#### [What is expected]
What you return must match the records below exactly, apart from the omitted pictures.

#### [Data to process]
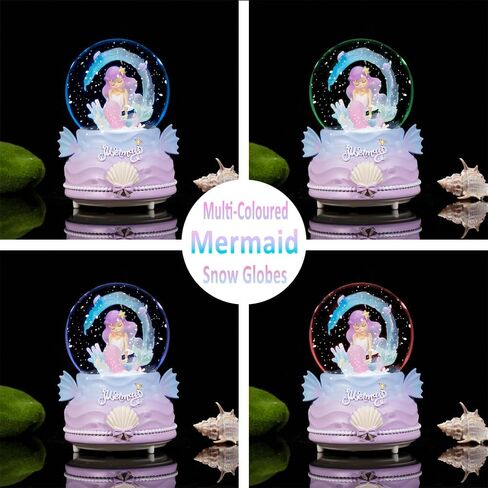 كرات الثلج للأطفال، كرات الثلج على شكل حورية البحر 100 مم للفتيات، كرات الثلج لعيد الميلاد مع الموسيقى والأضواء الملونة ورقاقات الثلج التلقائية، هدايا للفتيات، عيد الميلاد ومهرجان عيد الميلاد in Kuwait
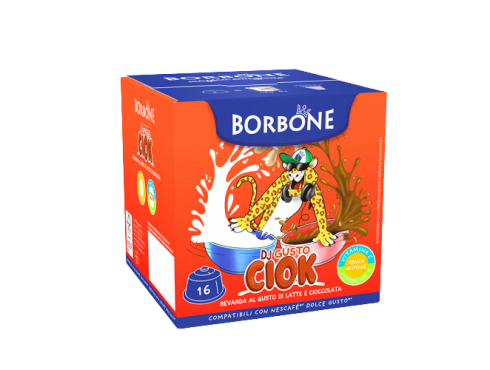 LATTE E CIOCCOLATA CAFFÈ BORBONE DJ GUSTO CIOK - 16 CAPSULE COMPATIBILI DOLCE GUSTO da 14g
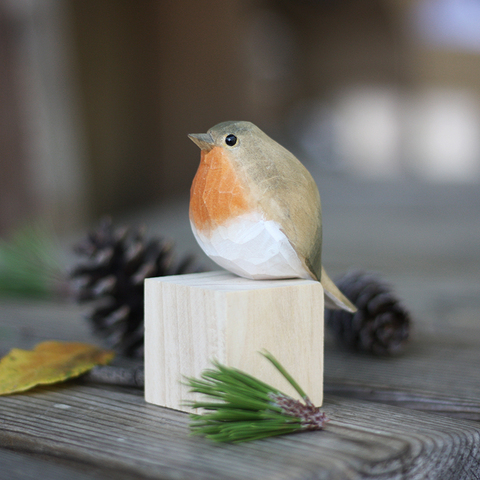 Wood carving ornaments Nordic style Little fat bird Handmade Robin bird Home decoration crafts ► Photo 1/5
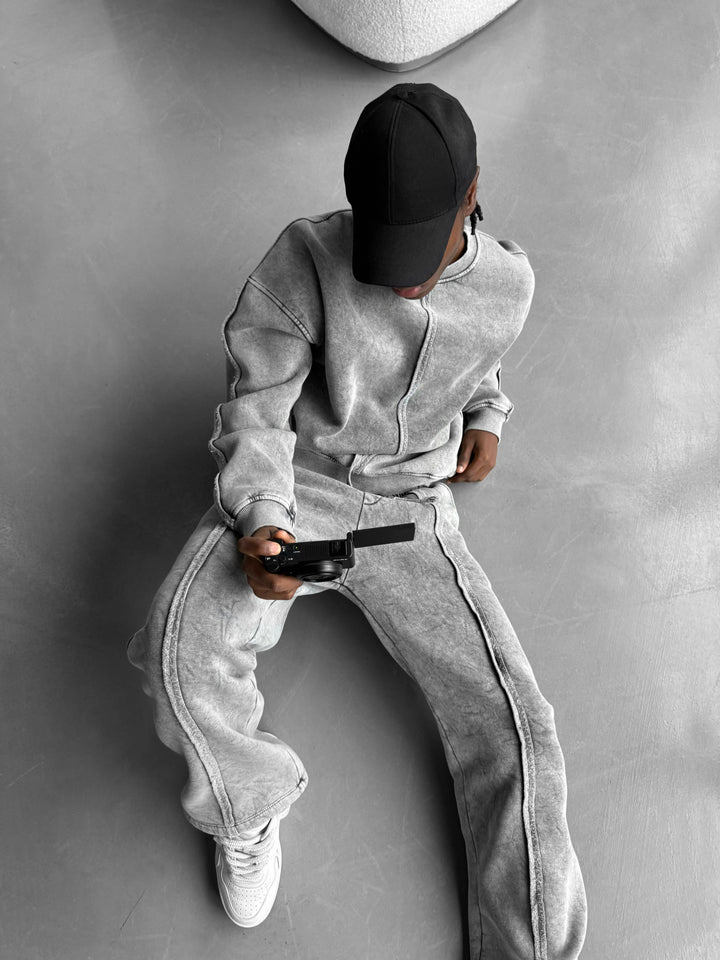 Oversize washed Seam Sweater - Grey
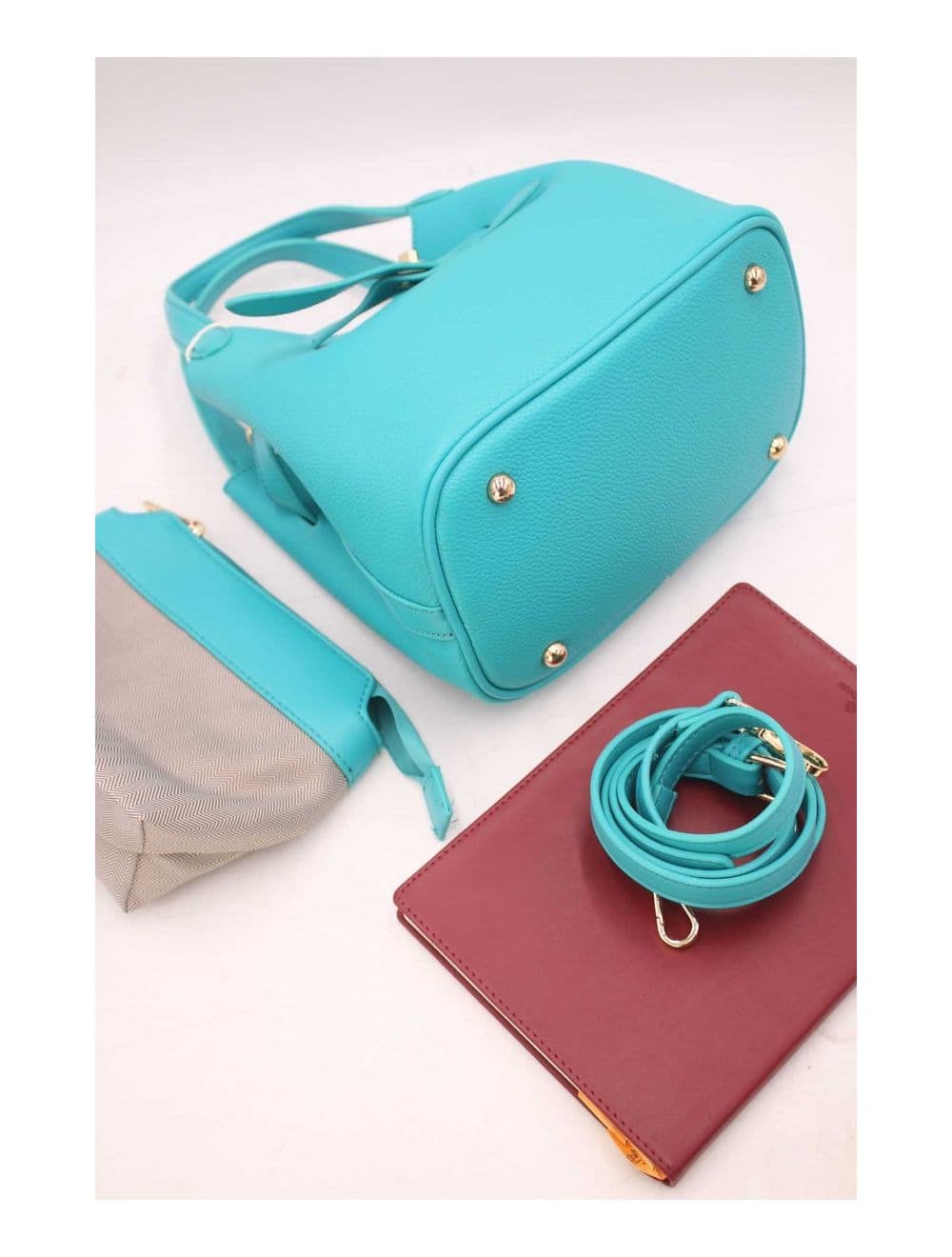 Ensemble 2Pcs Sac Hobo Effet Grainé 6974-Bleu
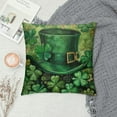 thumbnail image 2 of Nawypu Happy St Patricks Day Pillow Covers Blessed Hat Lucky Clover Shamrocks Decorative Square Pillow Cases Holiday Striped Cushion Case Spring Party Home Decor for Sofa Couch Bedroom, 2 of 5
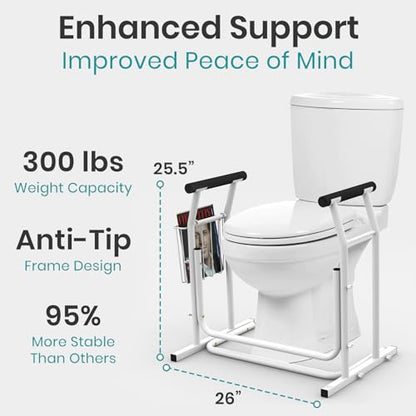 Vive Toilet Safety Rail with Arms - 300LBS Support Frame with Handles | Seniors, Elderly, Handicap & Disabled - Grab Bar Handrail - Bathroom Riser Assistance Aid - Stand Alone Lifter to Help Stand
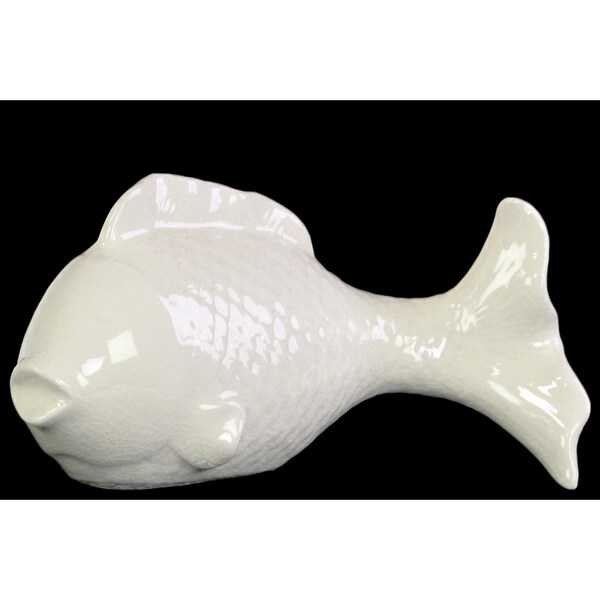 Glossy White Finish Ceramic Fish Figurine with Round Belly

#### [Completed exercise]
 كرات الثلج للأطفال، كرات الثلج على شكل حورية البحر 100 مم للفتيات، كرات الثلج لعيد الميلاد مع الموسيقى والأضواء الملونة ورقاقات الثلج التلقائية، هدايا للفتيات، عيد الميلاد ومهرجان عيد الميلاد in Kuwait
 LATTE E CIOCCOLATA CAFFÈ BORBONE DJ GUSTO CIOK - 16 CAPSULE COMPATIBILI DOLCE GUSTO da 14g
 Wood carving ornaments Nordic style Little fat bird Handmade Robin bird Home decoration crafts ► Photo 1/5
 Oversize washed Seam Sweater - Grey
 Ensemble 2Pcs Sac Hobo Effet Grainé 6974-Bleu
 thumbnail image 2 of Nawypu Happy St Patricks Day Pillow Covers Blessed Hat Lucky Clover Shamrocks Decorative Square Pillow Cases Holiday Striped Cushion Case Spring Party Home Decor for Sofa Couch Bedroom, 2 of 5
 Vive Toilet Safety Rail with Arms - 300LBS Support Frame with Handles | Seniors, Elderly, Handicap & Disabled - Grab Bar Handrail - Bathroom Riser Assistance Aid - Stand Alone Lifter to Help Stand
 Glossy White Finish Ceramic Fish Figurine with Round Belly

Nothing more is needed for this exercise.